BCI2000 Software Lets Your Mind Control Computers - kkleiner
http://singularityhub.com/2009/09/02/bci2000-lets-your-mind-control-computers/

======
anigbrowl
Of course, to do that you'll need some way to get EEG data out of your head.
You could get an Easy Cap (scary website:
<http://www.easycap.de/easycap/e/products/products.htm#15> and
<http://www.easycap.de/easycap/e/prices/price_list.htm> because Europeans
alike to put the price on a different page from the product info) or go to
eCrater: <http://www.ecrater.com/product.php?pid=4734120> ...where you can
also buy a neurofeedback-enabled teddy bear to clutch during compile cycles
(for real): <http://www.ecrater.com/product.php?pid=4733183>

Unsurprisngly, decommissioned systems are quite cheap on eBay.

Emotiv <http://www.emotiv.com/developers.html> offer a similar (14 electrode)
device for $299, but only with a simplified SDK. If you want the full data you
will pay more. Much more. Discussion of this, with issues familiar to many on
HN:
[http://www.emotiv.com/forum/viewtopic.php?f=2&t=7](http://www.emotiv.com/forum/viewtopic.php?f=2&t=7)
I'm not sure why the fuss, given that you can get a lot of other EEG stuff for
much less than you might imagine, but the Emotiv product does look good and
suitably modern compared to the traditional caps.

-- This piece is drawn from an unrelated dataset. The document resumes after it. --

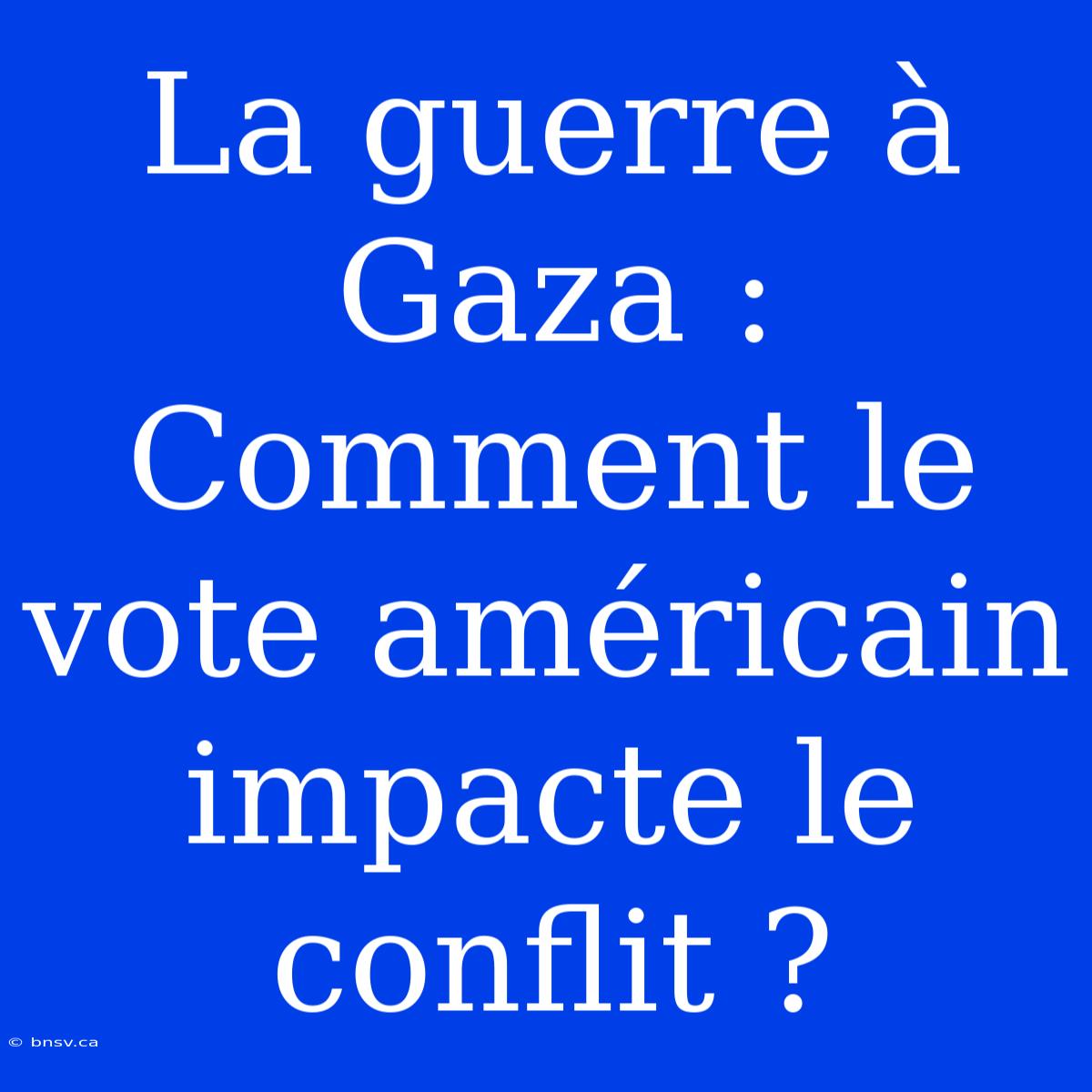 La Guerre À Gaza : Comment Le Vote Américain Impacte Le Conflit ?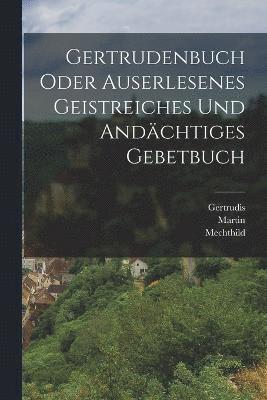 bokomslag Gertrudenbuch oder Auserlesenes Geistreiches und Andchtiges Gebetbuch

I don't like the BCI2000 website much, but here's the list of compatible
hardware: <http://www.bci2000.org/BCI2000/Features_Hardware.html> software &
sources is apparently free on registration. Windows only for now, Linux and
Mac coming soon.

...man, sometime I wish we could mrkup HN posts like on Metafilter...oh well,
enjoy!